When you ask what it is really like to work at a company, you’re likely to hear from recruiters, managers and employees about the great company culture. “Company culture” is a popular term that sounds good on paper and on lists of best companies to work for.
But as argued by the authors of the new research-driven book “Nine Lies About Work: A Freethinking Leader’s Guide to the Real World,” company culture cannot be measured reliably. In their book, Marcus Buckingham, who leads the ADP Research Institute’s investigations into people and performance, and Ashley Goodall, a senior vice president of leadership and team intelligence at Cisco, challenge the assumptions that many organizations are built upon, such as the ideas that “people can reliably rate other people,” “the best plan wins,” and “people care which company they work for.”
The pair have conducted research on the employee experience at many different companies, asking employees to evaluate statements like, “At work, I clearly understand what is expected of me,” to understand what workers need to thrive. The response to that one question, for example, can make or break and employee’s experience.

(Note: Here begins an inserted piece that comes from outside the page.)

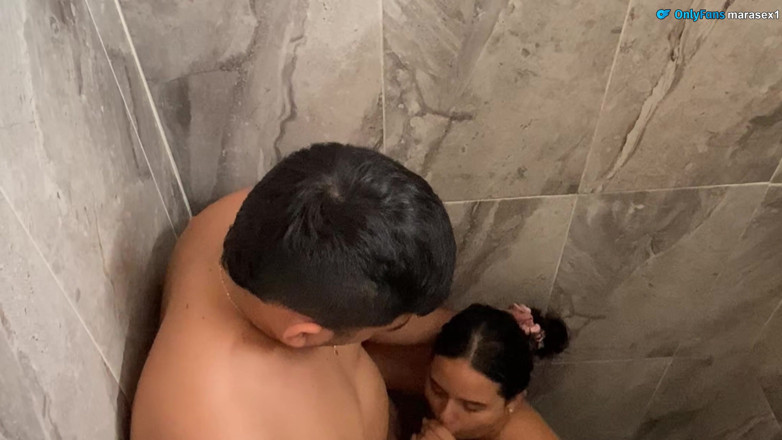 PronoiaMey: Aku menggoda teman sekamarku sampai toketku dicrot sperma banyak banget -...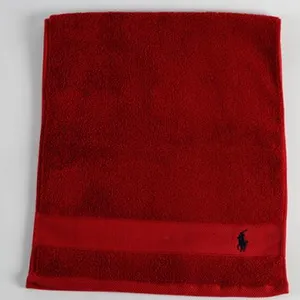 Eliya Luxury-hotel-bath-towel+hotel Balfour Bathroom Towels+cotton Jacquard Hilton Hotel Bath Towel thumbnail-1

“I wouldn’t look at Glassdoor at all.”
They cite a 19-country 2018 study by the ADP Research Institute, which found that two questions indicated the strongest relationship between a worker and their trust in a team leader: “Do I know clearly what is expected of me at work?” and, “Do I have the chance to use my strengths every day?”
Trust has a cascading effect: Employees who trusted their team leader were 12 times more likely to be fully engaged in their work.
The book argues that your team leader matters much more than your CEO’s vision, which probably makes sense to anyone who has left a job over a new manager, backstabbing colleagues or a bad boss.
In an interview with HuffPost, Buckingham, a self-described “data geek” and psychometrician who builds tools to measure uncountable things, explained why we should stop paying attention to best-of lists and more attention to team leaders.
Why does your team trump your company? I feel like “Best Companies to Work For” lists are built upon the fact that you want to work for a big-name company.
You start measuring anything inside a company, and what you find is variation inside the same company. Even on a question like, “Do I know what’s expected of me at work?” ― if you go into a company like Cisco, you ask that one question and you find it varies hugely team by team. And then you look at voluntary turnover and you find that voluntary turnover varies team by team.
So what that tells us notably, provably in the world, is that people may choose to join the company because they’ve read about it in the “best companies to work for” lists. And [getting on those lists is] a very sensible thing for companies to do to attract talent. But once you join, your experience of the company and indeed what you choose to leave or what you choose to stay with isn’t a company. It’s a team.
What should employees do with the information that company culture is not important?
The stories of culture, they’re a recruiting manual. They are designed to attract you and lure you in. They’re like the Venus’ flytrap for talent. And that’s OK. It shows good intentions. We wouldn’t dream of saying, “Hey companies, don’t say good things about yourself.”
But for an employee joining, you should take the whole thing with a huge pinch of salt, and instead, you should walk in and say, “Which team am I working on?” Or, “What does your company do to build really great teams? What do you do? Do you do anything? Do I know the manager that I’m going to be working for? Do you do anything to make sure that I’ll know my team really well? Do you make team-joining a really important part of onboarding?” So those are good questions.
For an individual employee, it means the most important thing for you is your local team. Find out as much as you can, and whenever you get worried that the team leader you’re joining is somebody that you can’t click with or don’t trust, take that really seriously.
I’ve read Glassdoor reviews of companies I’ve wanted to work for. But maybe there’s not as much use in that as in knowing the team personally.
Yeah, I wouldn’t look at Glassdoor at all. It’s a totally skewed sample. You won’t learn very much at all. In fact, you’re much more likely to get noise than you are getting a signal.
Same with the Best Places to Work Institute: You need to treat it all very carefully. If you want to use it as part of your signal gathering, OK, but it’s not the same as a Yelp review. The beautiful thing about Yelp reviews, if you look at what they’re actually doing, you’ve just got people going, “Did I like it?”
If Glassdoor wanted to do this properly, they would take a representative sample of the companies’ people and ask them a few questions about each person’s lived experience, not to rate the company, but to rate your own experience.
So even if you’re in a company that’s disastrous as a whole, you can have a positive experience if you have a good team?
It’s not just that your team is nice to have for you. It’s all you have. It’s really all you have. If you look up, you do want to see people who you respect. So yes, if you work in a company where you’re looking up, and the people you see up there you don’t respect, that’s hard. There’s no question that’s discordant.
But on the flip side, your actual experience of working is the day-to-day people who just keep showing up every day, working next to you and bringing their work and bringing themselves. And you don’t need to believe in the company’s leadership for that. You don’t need to believe in the board. You don’t need to have taken a company culture course.
The good news is it’s much easier to control the experience on a team than it is to try to shift an entire aircraft carrier of a company.
This interview has been edited and condensed for length and clarity.